Exploit the window of opportunity while it lasts
Despite this, we see high levels of complacency among investors, meaning that they have been slow to adjust portfolios to changing market dynamics, perhaps expecting things to revert to the status quo. Nonetheless, fundamentals cannot be ignored indefinitely, and so investors have a brief window to ensure their portfolios are optimally positioned to navigate the challenges that lie ahead. We believe price-conscious, bottom-up stock pickers like PSG Asset Management are especially well positioned to exploit the opportunities currently available in the market, many of which are being systemically overlooked by investors due to deeply ingrained biases.

In South Africa, high real returns from fixed income provide a welcome buffer to investors and can help to offset volatility in the rest of their portfolios.
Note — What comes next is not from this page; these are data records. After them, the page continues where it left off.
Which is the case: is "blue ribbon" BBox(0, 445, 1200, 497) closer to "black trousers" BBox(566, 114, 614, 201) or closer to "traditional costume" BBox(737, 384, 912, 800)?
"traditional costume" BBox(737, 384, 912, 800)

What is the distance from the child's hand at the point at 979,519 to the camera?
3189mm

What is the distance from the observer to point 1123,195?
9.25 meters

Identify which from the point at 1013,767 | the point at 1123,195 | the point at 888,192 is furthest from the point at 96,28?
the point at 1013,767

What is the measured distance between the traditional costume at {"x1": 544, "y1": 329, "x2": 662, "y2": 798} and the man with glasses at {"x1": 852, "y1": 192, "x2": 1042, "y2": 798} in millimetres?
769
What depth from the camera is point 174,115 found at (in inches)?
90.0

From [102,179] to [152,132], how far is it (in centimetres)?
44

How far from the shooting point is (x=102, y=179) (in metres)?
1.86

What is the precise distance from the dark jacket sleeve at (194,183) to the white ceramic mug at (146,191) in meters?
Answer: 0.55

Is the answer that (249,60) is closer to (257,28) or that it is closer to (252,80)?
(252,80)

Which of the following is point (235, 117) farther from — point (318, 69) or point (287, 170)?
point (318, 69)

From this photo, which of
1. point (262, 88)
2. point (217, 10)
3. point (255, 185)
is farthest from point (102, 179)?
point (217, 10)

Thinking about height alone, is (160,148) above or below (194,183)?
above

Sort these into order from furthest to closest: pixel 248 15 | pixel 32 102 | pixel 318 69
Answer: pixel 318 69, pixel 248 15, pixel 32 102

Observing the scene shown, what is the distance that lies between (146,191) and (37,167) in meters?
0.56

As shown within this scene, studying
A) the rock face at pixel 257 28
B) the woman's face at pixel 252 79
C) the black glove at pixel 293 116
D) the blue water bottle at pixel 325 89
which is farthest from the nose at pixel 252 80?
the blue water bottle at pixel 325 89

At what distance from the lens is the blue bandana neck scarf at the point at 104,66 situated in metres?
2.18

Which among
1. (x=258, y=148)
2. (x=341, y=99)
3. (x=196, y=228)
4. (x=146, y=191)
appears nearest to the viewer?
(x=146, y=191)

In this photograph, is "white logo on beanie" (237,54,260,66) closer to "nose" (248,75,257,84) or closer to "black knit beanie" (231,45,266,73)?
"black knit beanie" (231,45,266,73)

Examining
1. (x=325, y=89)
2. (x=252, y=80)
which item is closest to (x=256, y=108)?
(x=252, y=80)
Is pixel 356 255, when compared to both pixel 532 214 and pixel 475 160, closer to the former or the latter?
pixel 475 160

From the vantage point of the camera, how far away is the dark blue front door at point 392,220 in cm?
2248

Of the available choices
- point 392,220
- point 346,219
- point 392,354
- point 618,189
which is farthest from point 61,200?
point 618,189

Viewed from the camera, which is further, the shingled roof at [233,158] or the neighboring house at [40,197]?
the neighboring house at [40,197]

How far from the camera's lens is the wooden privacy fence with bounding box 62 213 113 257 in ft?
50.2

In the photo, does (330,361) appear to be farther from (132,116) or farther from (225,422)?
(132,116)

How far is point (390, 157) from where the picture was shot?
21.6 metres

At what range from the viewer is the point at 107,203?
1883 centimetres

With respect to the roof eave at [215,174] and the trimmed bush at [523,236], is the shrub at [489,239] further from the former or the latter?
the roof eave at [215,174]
We also continue to find attractive opportunities in equities, both locally and globally, by looking beyond popular index constituents that are often trading at extreme valuations. Undervalued assets have the ability to rerate, even if the broader environment is challenging. The rally SA assets experienced following the formation of the GNU, offers a good example of what is possible. From this perspective, we believe the sun could still shine on SA investors and there remain opportunities to earn acceptable returns, regardless of the uncertain macro environment. However, investors need the courage to remain invested and make hay while the proverbial sun shines.

Don’t let uncertainty dissuade you from investing
We firmly believe there are always opportunities for astute investors. However, approach the market with caution, and ensure you take a considered approach. Not all strategies will be equally successful going forward, and you want to ensure you partner with an experienced investment manager who has a proven track record of selecting hidden gems and constructing robust portfolios that deliver on investor needs in the long run.